Il libro di Attadio è un’appassionata biografia di Nellie Bly, al secolo Elizabeth Cochran, la prima giornalista d’inchiesta, mestiere quest’ultimo assolutamente precluso alle donne negli anni Ottanta del XIX secolo, che diventerà nientemeno la beniamina del grande Pulitzer. Nellie dedicherà tutta la sua vita alla giustizia sociale e alla causa dei diritti delle donne, con particolare riferimento alla parità per la conquista di un lavoro e per l’equi-trattamento salariale rispetto agli uomini.

Alla donna americana e occidentale di fine Ottocento era severamente vietato come giornalista mettere in piedi uno “stunt” (ovvero uno “scoop” che può comportare seri rischi per il corrispondente responsabile), facendo emergere da infiltrata e sotto copertura gravissimi episodi di corruzione politica, di malversamenti e maltrattamenti sanitari in istituti di cura come quelli per il disagio mentale, di sfruttamento del lavoro femminile nelle fabbriche svolto in condizioni degradanti e umilianti.
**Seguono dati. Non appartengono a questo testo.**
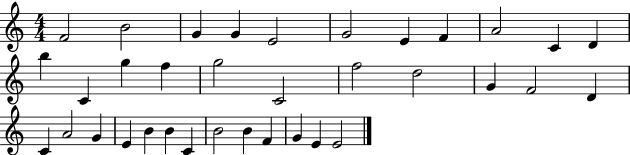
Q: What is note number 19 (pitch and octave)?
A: D5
Il giornalismo a effetto di Nellie, attentissima a registrare ogni minimo particolare descrivendo fatti e null’altro che fatti, costituisce a suo modo una rappresentazione fotografica della realtà disumanizzante del mondo delle macchine nelle nuove industrie di produzione di massa, comparabile soltanto all’analogo ragionamento cinematografico, in immagini e suoni laceranti, che ne fece Charlie Chaplin nel suo memorabile “Tempi moderni”. Ma sarà sempre lei, appena trentenne, sposata a un anziano e ricco industriale, a gestire da manager le acciaierie del marito introducendo innovazioni straordinarie per la socializzazione dei suoi operai e operaie, come asili nido e spazi di relax all’interno delle sue fabbriche! Straordinarie, poi, sono le pagine che riguardano la sua storia e le attività di corrispondente da Vienna per raccontare la Grande Guerra.

Nellie nasce borghese, figlia di un giudice stimato e padre adorabile che scompare però molto presto. La Bly rompe i canoni della dipendenza femminile dall’uomo, rivendicando in ogni momento la sua piena autonomia di donna lavoratrice e libera che decide di restare sola. All’epoca, una donna vedova come la madre di Nellie con quattro figli a carico non aveva potuto fare altro che cercare la protezione virile di un maschio e marito che le rendesse, almeno economicamente, meno tormentata l’esistenza di dover tirare avanti svolgendo lavori umilianti. Questo perché per una donna borghese cercare un vero lavoro autonomo era considerato un fatto increscioso e indecoroso per il pensiero mainstream dell’epoca. Così, sua madre era caduta vittima di un secondo marito violento e alcolizzato e Nellie, a soli 14 anni, era stata costretta a testimoniare le violenze del patrigno in tribunale nella causa di divorzio intentata da sua madre. Poi, la fortissima volontà avrebbe portato il suo genio a successi mondiali, come il mitico giro del mondo in meno di 80 giorni, incontrando nel tragitto nientemeno che Jules Verne e sua moglie.